*** Dataset excerpts
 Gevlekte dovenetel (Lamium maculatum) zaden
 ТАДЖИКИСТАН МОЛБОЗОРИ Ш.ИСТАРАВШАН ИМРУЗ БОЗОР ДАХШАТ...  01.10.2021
******
*** Dataset excerpts
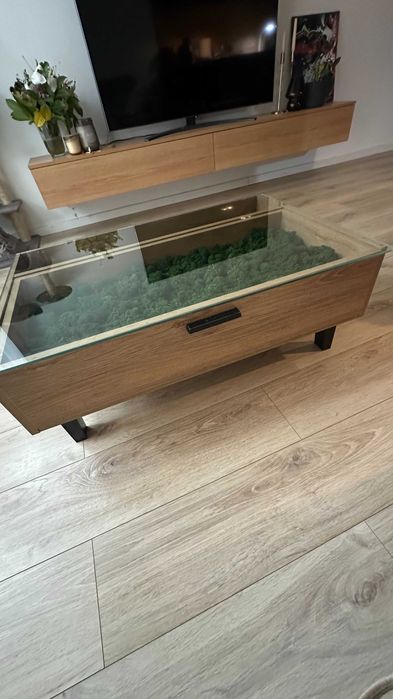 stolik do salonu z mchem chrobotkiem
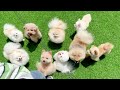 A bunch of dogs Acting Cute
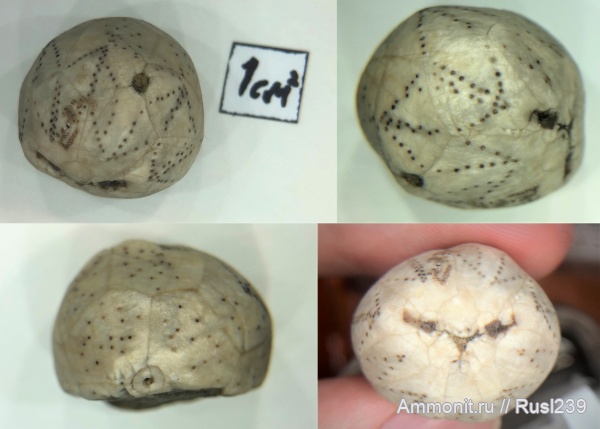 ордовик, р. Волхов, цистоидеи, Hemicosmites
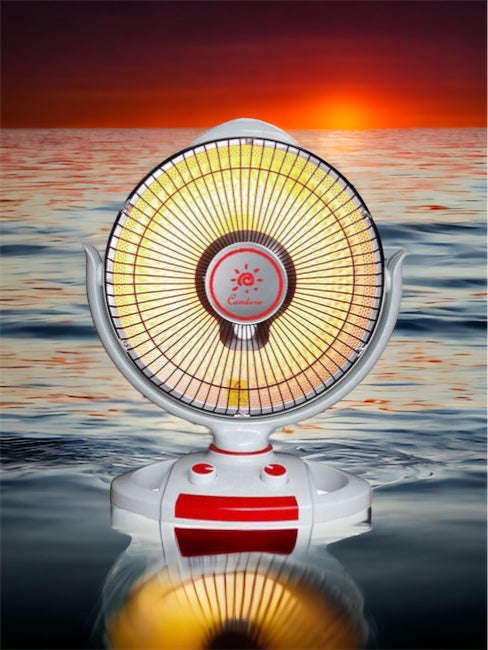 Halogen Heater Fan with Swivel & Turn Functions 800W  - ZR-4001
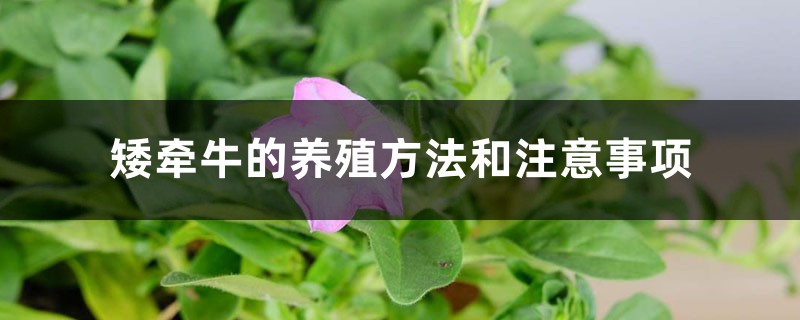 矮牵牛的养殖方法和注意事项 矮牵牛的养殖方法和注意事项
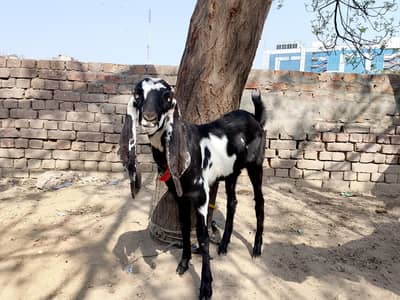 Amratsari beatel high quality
******
*** Dataset excerpts
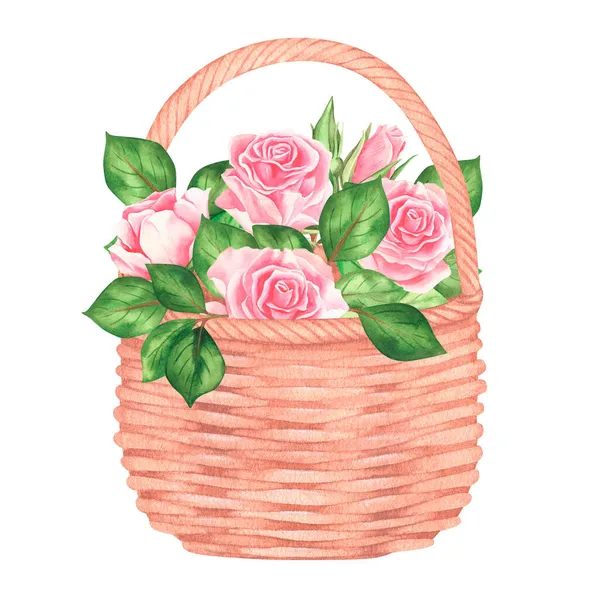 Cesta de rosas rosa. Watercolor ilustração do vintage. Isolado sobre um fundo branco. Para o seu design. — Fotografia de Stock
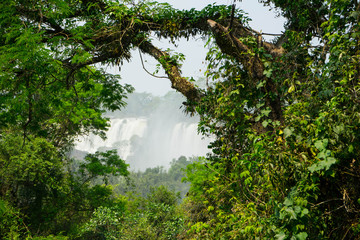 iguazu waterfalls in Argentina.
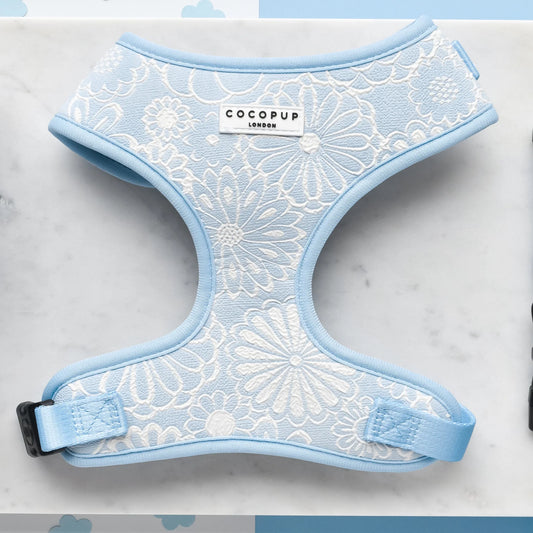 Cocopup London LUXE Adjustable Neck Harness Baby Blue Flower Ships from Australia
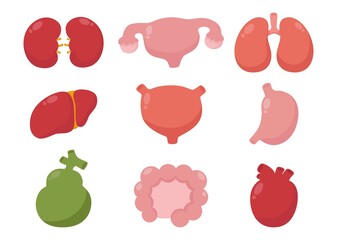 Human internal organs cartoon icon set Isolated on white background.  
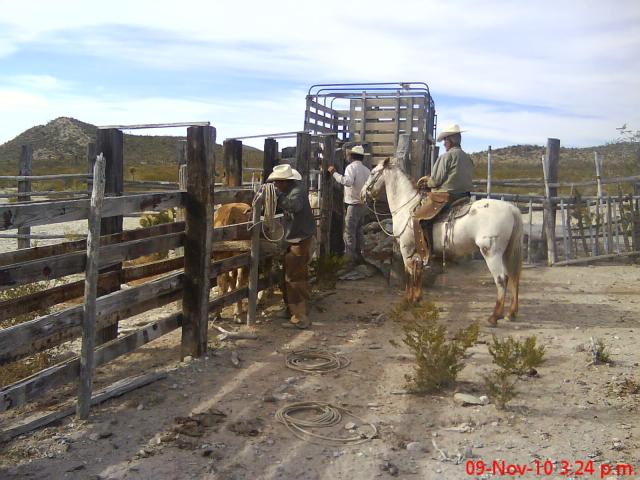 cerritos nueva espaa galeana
******
- What the exercise asks -
Reproduce exactly, with no pictures, the lines above from the one holding "iguazu waterfalls in Argentina." to the one holding "cerritos nueva espaa galeana", inclusive.

- Completed task -
 iguazu waterfalls in Argentina.
 Cocopup London LUXE Adjustable Neck Harness Baby Blue Flower Ships from Australia
 Human internal organs cartoon icon set Isolated on white background.  
 cerritos nueva espaa galeana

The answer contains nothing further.